*WHAT YOU WILL DO*: For every entry that follows, return the words exactly and omit any picture.

Image-caption web data:
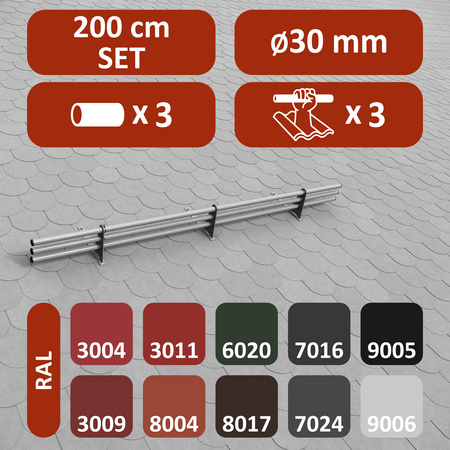 Komplettes 3-Rohre Schneefangrohr für Trapezblech, Dachpappe/Bitumen, Bitumenschindeln (Shingles), EPDM/PVC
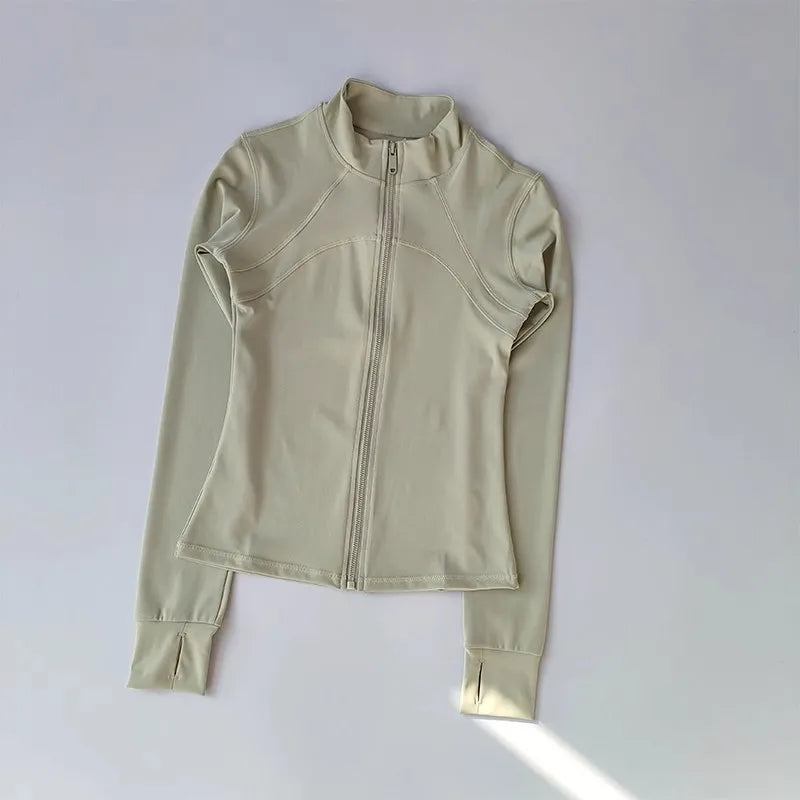 Women’s Sports Jacket Long Sleeve Quick Dry Gym Jacket Fitness Workout Running Training Zip Up Sportswear Coat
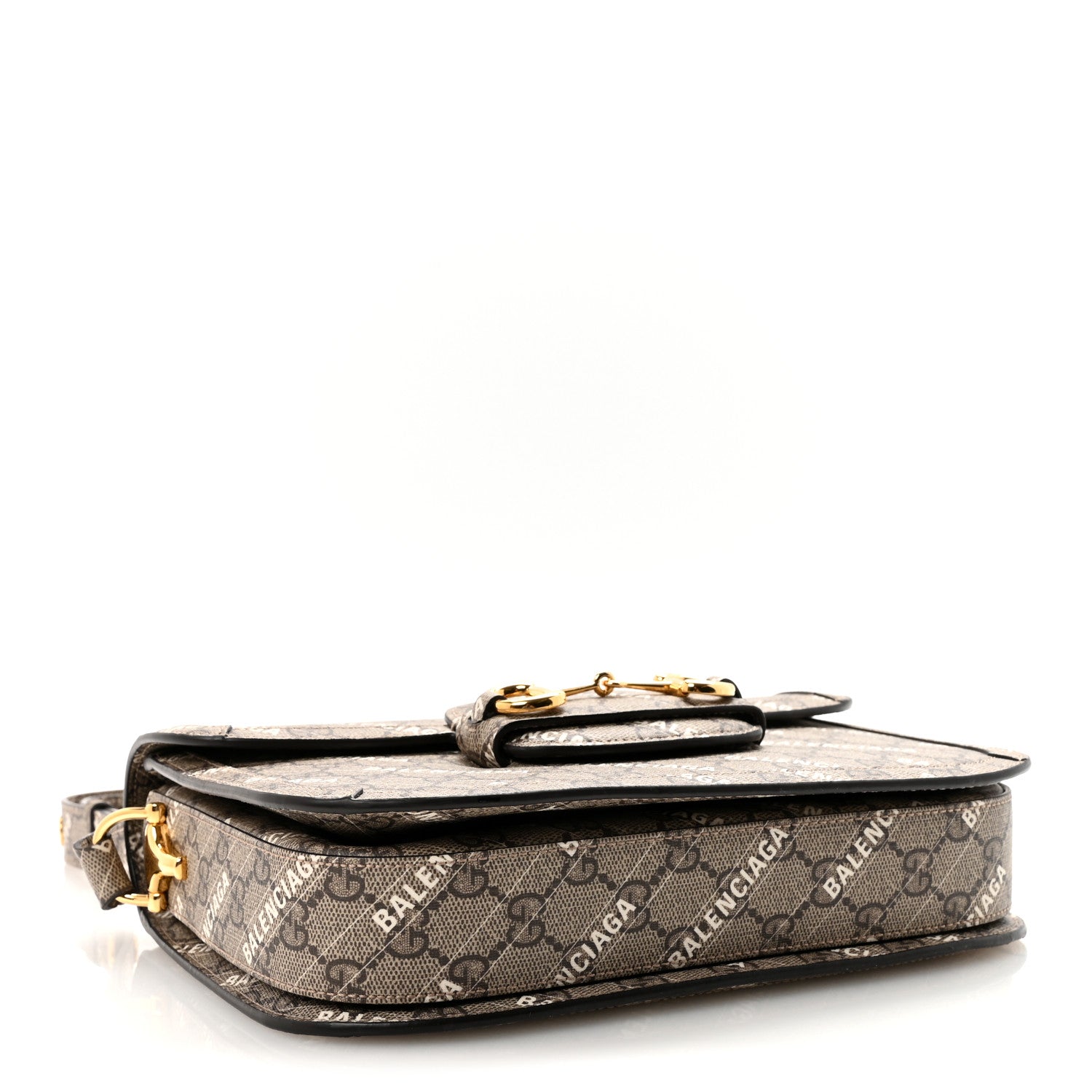 X BALENCIAGA GG Supreme Monogram Logo Print Horsebit 1955 Shoulder Bag Beige Ebony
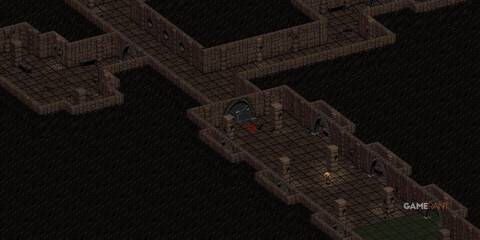 Chosen One fighting a Giant Ant in Temple of Trials in Fallout 2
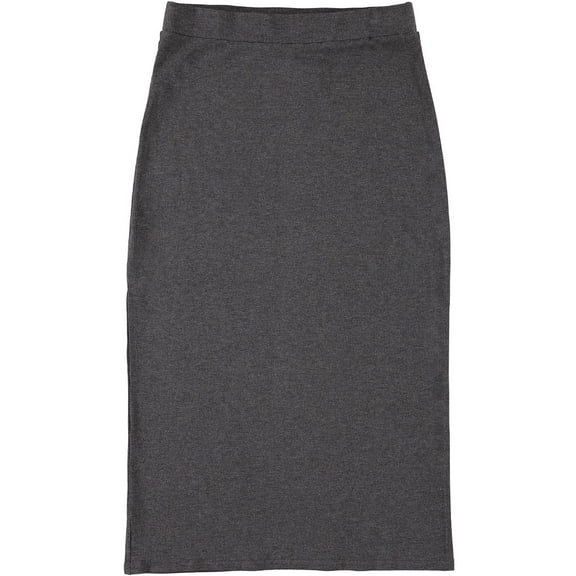 Ribbed Midi Skirt For Women By BGDK- Bodycon Pencil Skirt With Elastic Waist- Comfortable Stretchy Below The Knee Skirt - High Waist Fitted Skirt For Work, Office, Business, Church heather x small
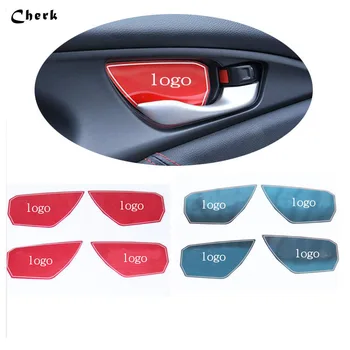 

4pcs Car Inner Door Bowl Decorated Patch Handle Protector Cover Sticker For Honda CIVIC 2016 2017 2018 Car Styling Accessories
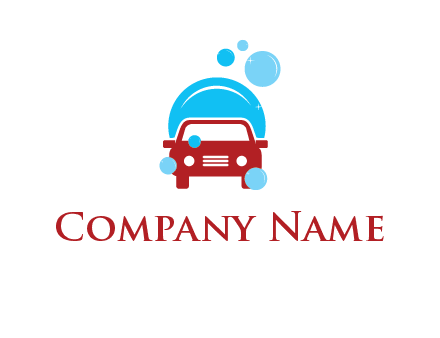 car with water bubbles logo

*WORKED SOLUTION*:
 Komplettes 3-Rohre Schneefangrohr für Trapezblech, Dachpappe/Bitumen, Bitumenschindeln (Shingles), EPDM/PVC
 Women’s Sports Jacket Long Sleeve Quick Dry Gym Jacket Fitness Workout Running Training Zip Up Sportswear Coat
 X BALENCIAGA GG Supreme Monogram Logo Print Horsebit 1955 Shoulder Bag Beige Ebony
 Chosen One fighting a Giant Ant in Temple of Trials in Fallout 2
 Ribbed Midi Skirt For Women By BGDK- Bodycon Pencil Skirt With Elastic Waist- Comfortable Stretchy Below The Knee Skirt - High Waist Fitted Skirt For Work, Office, Business, Church heather x small

4pcs Car Inner Door Bowl Decorated Patch Handle Protector Cover Sticker For Honda CIVIC 2016 2017 2018 Car Styling Accessories
 car with water bubbles logo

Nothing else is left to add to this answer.